The Wolf House is the oldest public structure in Arkansas. Standing high on a bluff overlooking the confluence of the White and North Fork Rivers is an imposing two-story log structure. Most people today view the structure from highway 5 as they pass through the Baxter County town of Norfork. Because of the unchangeable shapes of the mountains and hills, however, the more historic and impressionable view of the structure is from the White River. Either view prompts heads to turn and minds to question and wonder. It bears the appearance of antiquity and importance - old logs for walls that have been carefully hand hewn, and an imposing size that gives it a stature not usually associated with the common image of a "log cabin."
The structure is called the Wolf House for its owner and builder, Major Jacob Wolf. It was built c. 1829 as the county courthouse for what was then Izard County, Arkansas Territory. The courthouse location had moved by the time Arkansas became a state in 1836 and Jacob Wolf's family occupied the house until his death in 1863.

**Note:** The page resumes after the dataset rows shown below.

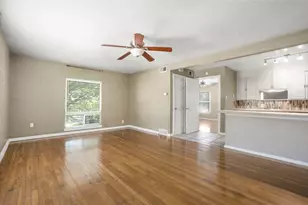 4723 Victor St, Dallas, TX 75246 - Photo 2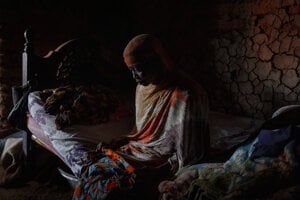Fatma Swak Fadul vo svojom dome na okraji Omdurmanu v Sudáne drží košeľu patriacu jej synovi Omerovi, ktorý v marci zomrel od hladu.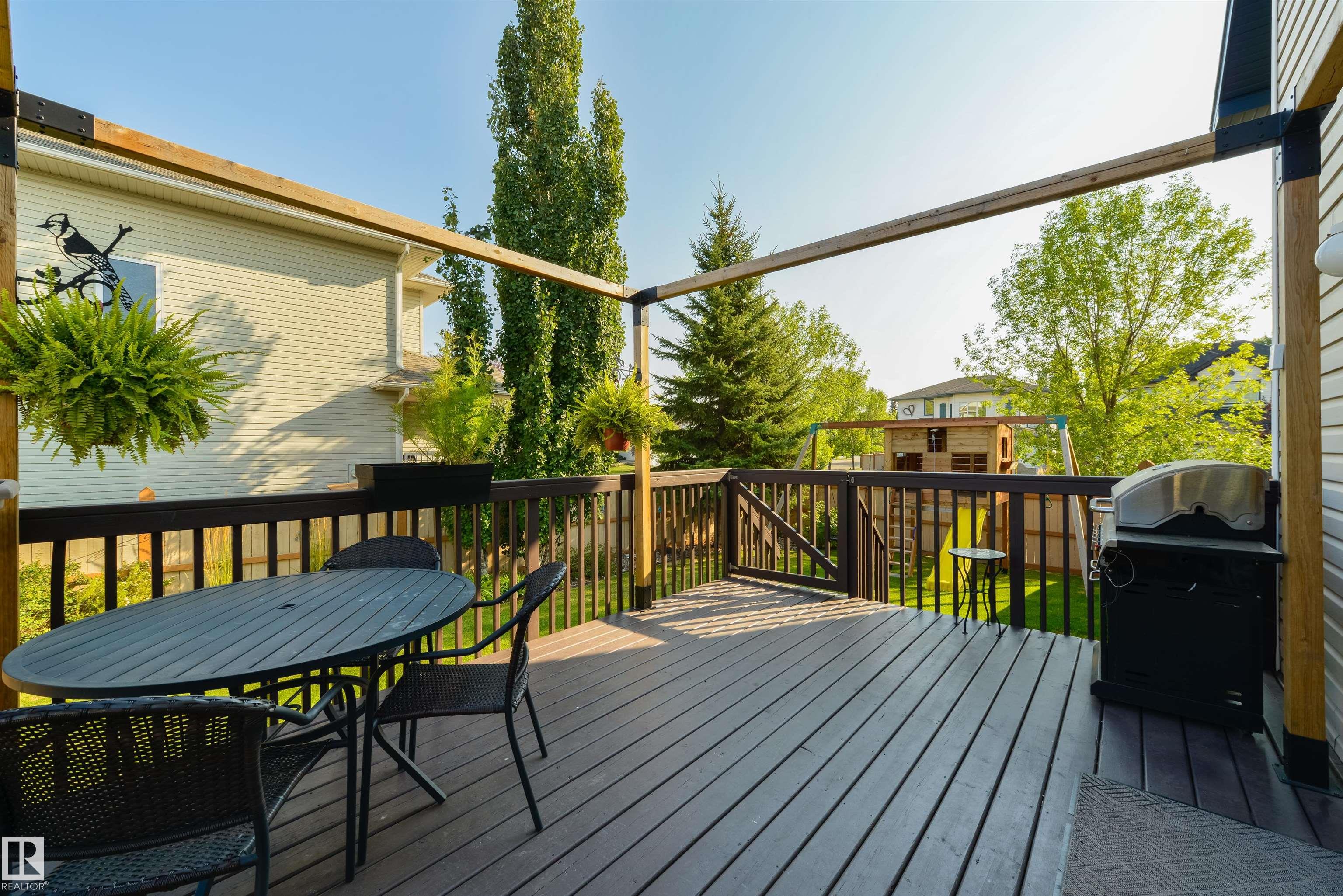 Photo 43 at 13 Willis Crescent, Windrose, Leduc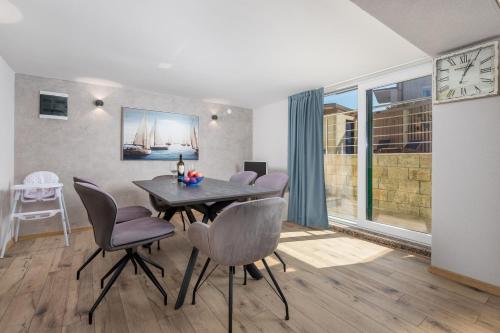 Villa Ivona with heated pool in Rovinj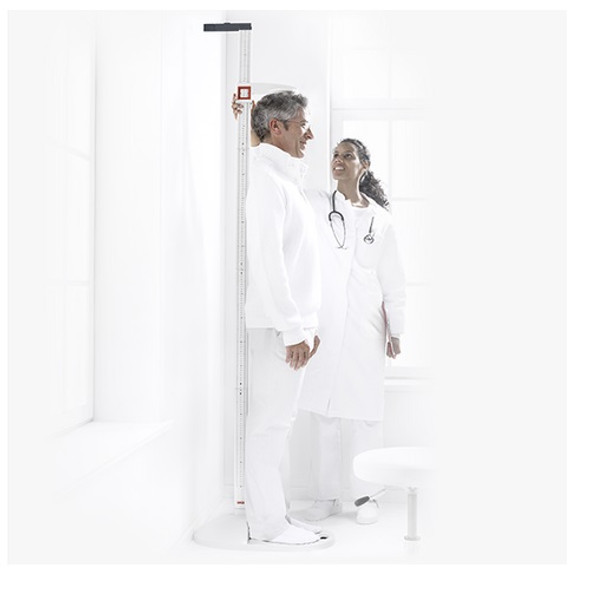 Seca 213 Portable Height Measuring Device & Stadiometer - Smooth-running measuring slide Seca 213 Portable Height Measuring Device & Stadiometer - Smooth-running measuring slide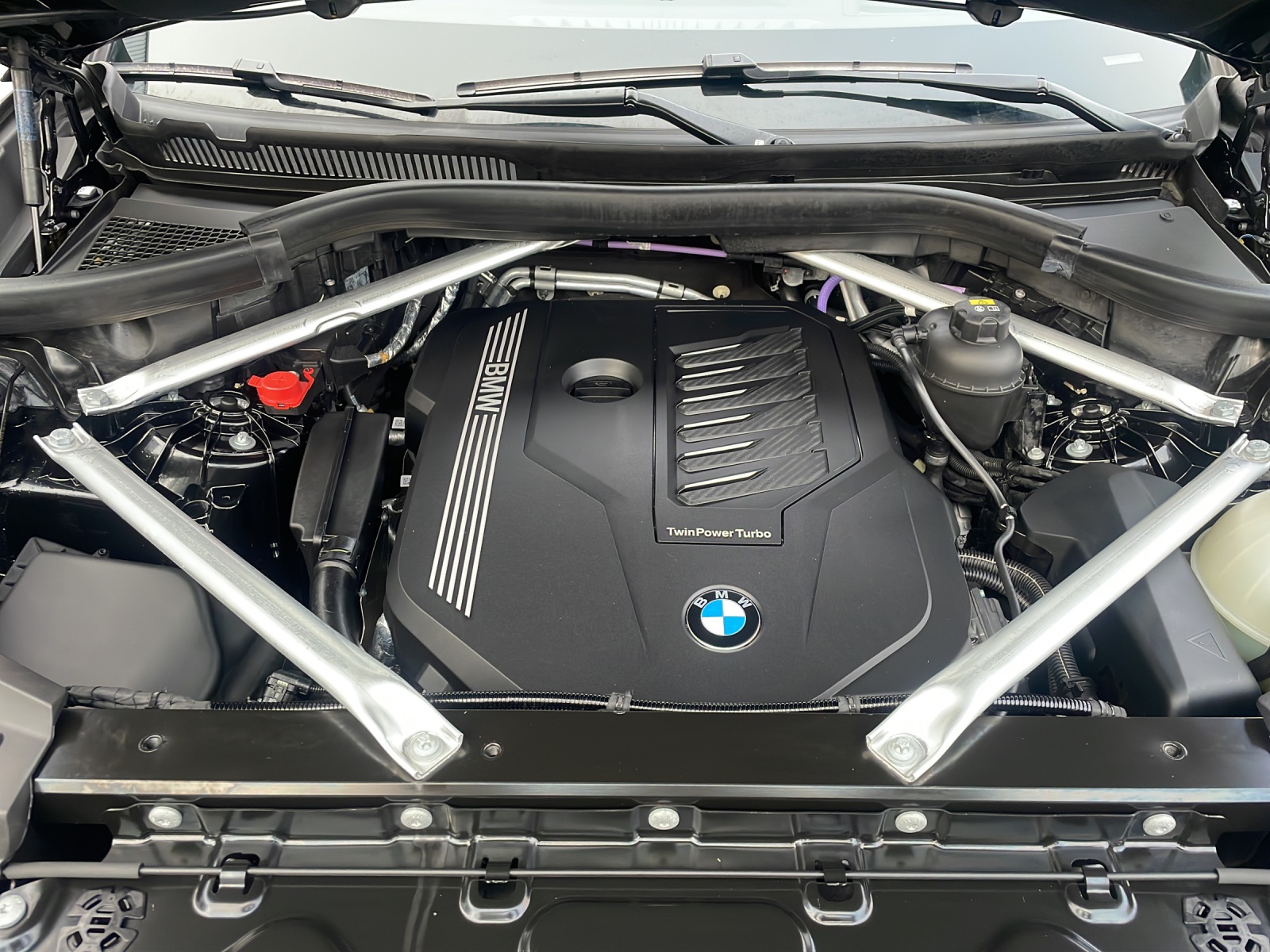 BMW X6 xDrive 48V 40i M Sport Steptronic-image-19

In 1829, Major Jacob Wolf was serving as a representative to Arkansas' Territorial Legislature. He passed a bill that year establishing the town of Liberty (now Norfork) as the "seat of justice". The bill contained instructions for the building of a courthouse on land Jacob Wolf donated to the county. After passage of the bill, the Major proceeded to build the structure that stands today. It is Arkansas' oldest existing public structure. Many of our state's historic leaders visited the courthouse between 1829 and 1834 when the "seat of justice" was moved. The visitors continued to come to Liberty after the Wolf family moved into the house. Major Wolf had a tavern (inn), blacksmith shop, woodworking shop and store at this location.

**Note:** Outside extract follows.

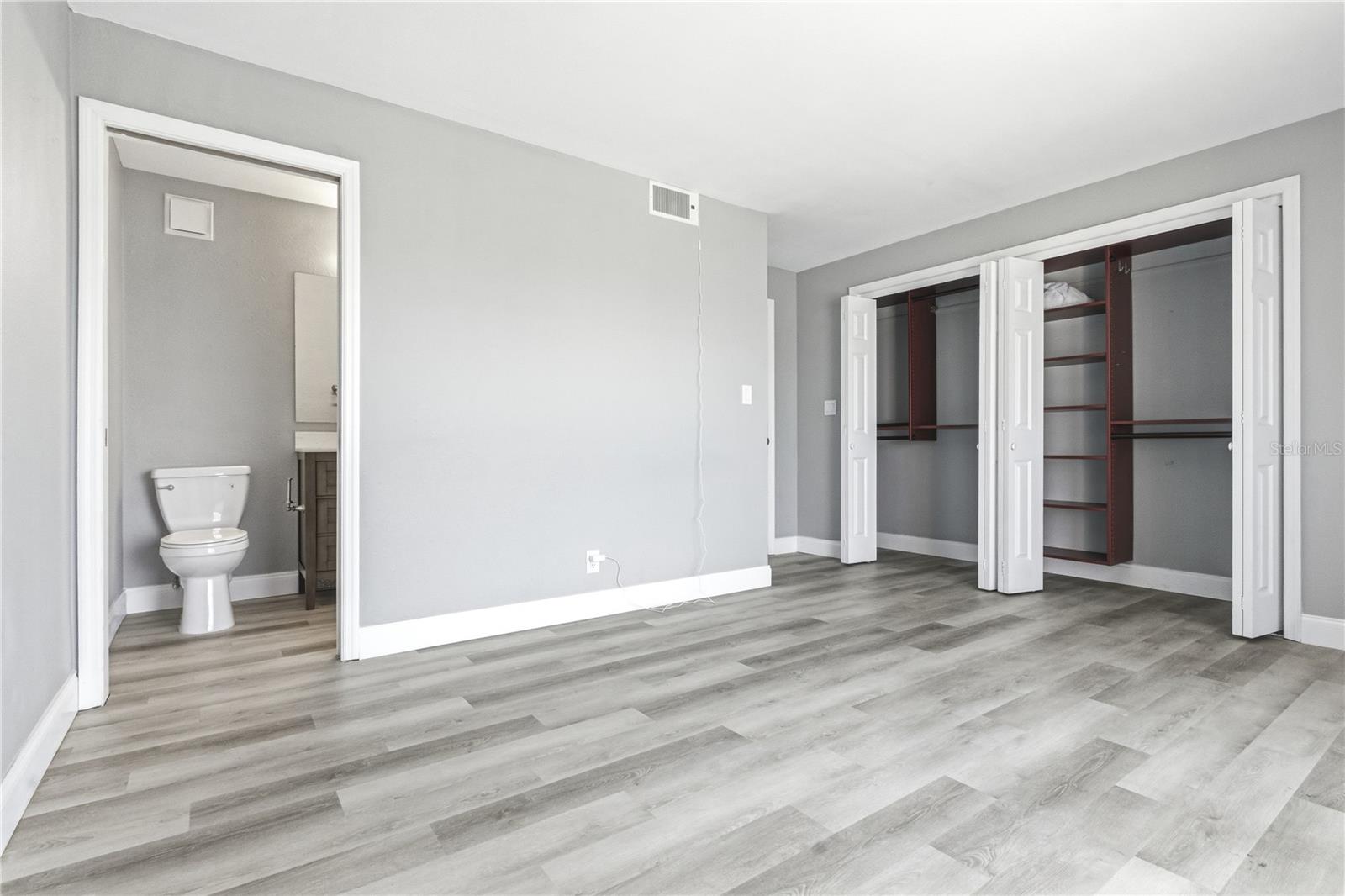 CAPRI LAGOONS CONDO - Residential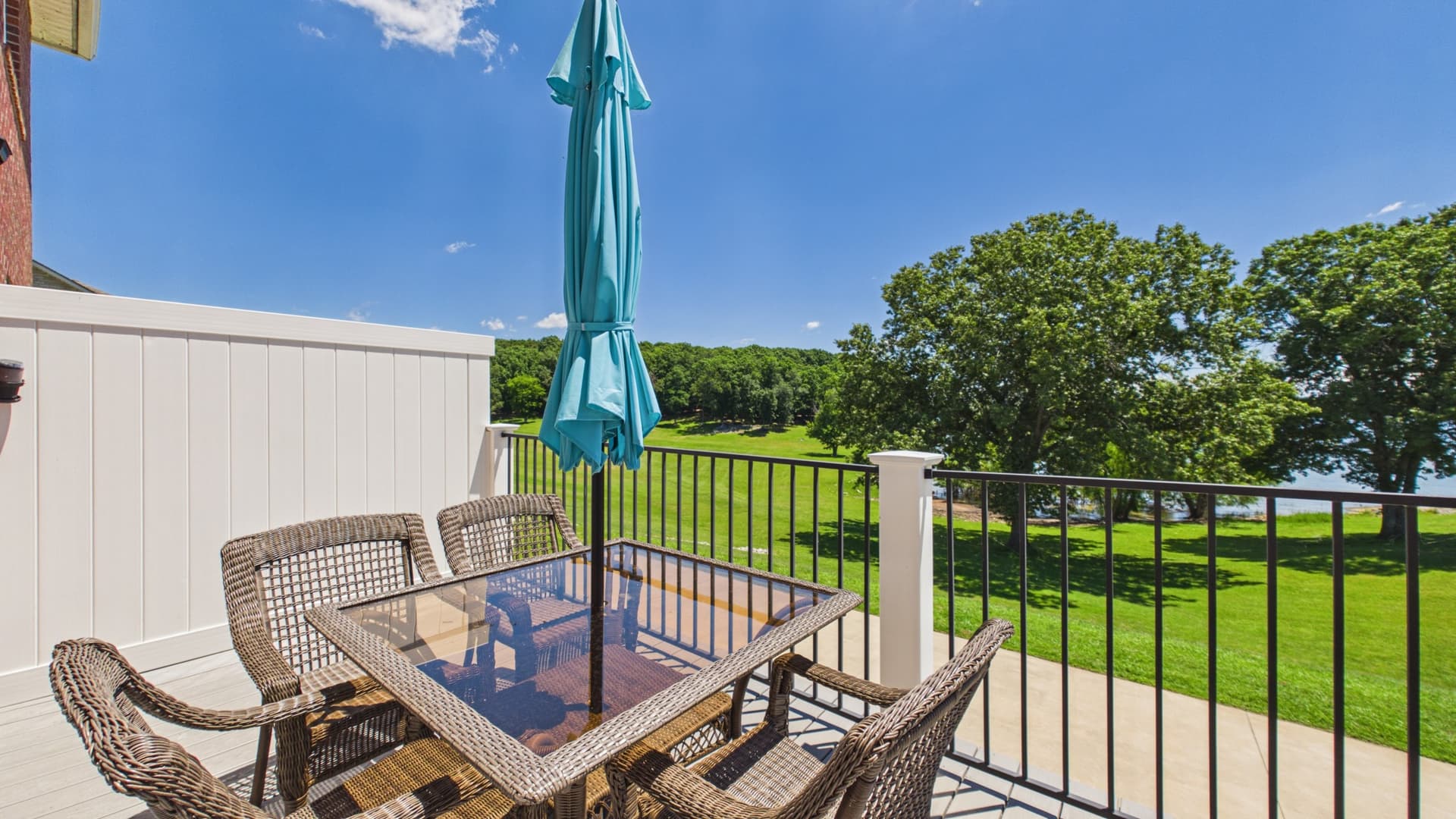 009_Balcony.jpg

Baxter County purchased the Wolf House and an extensive restoration of the structure was began in 1999 and completed in 2001. Research was conducted relating to the structure's history and 1829 appearance. The East side of the house, now facing the highway, had no porch, but the west side, facing the river, featured a two-story porch which was replicated. The restoration was funded by a County Courthouse Restoration Grant awarded by the Arkansas Historic Preservation Program, an agency of the Department of Arkansas Heritage, and administered by former Baxter County Judge Joe Bodenhamer. The restored building reopened to the public in the spring of 2002 to coincide with Norfork's Pioneer Days festival.
Approximately 70 percent of the original yellow pine logs were saved. Replacement logs were also hand-hewed. Chinking is the slats of wood or stone that is put in between the logs. Dobbing is the mud that goes over that. Restorers said they used as much of the historical mix as they could. When the house was originally built, slack lime and sand or a mixture of dirt was used. Slack lime is a putty created by super-heating raw limestone, then dousing it in water. In the restoration process, modern lime was used, mixing in horse hair for reinforcement.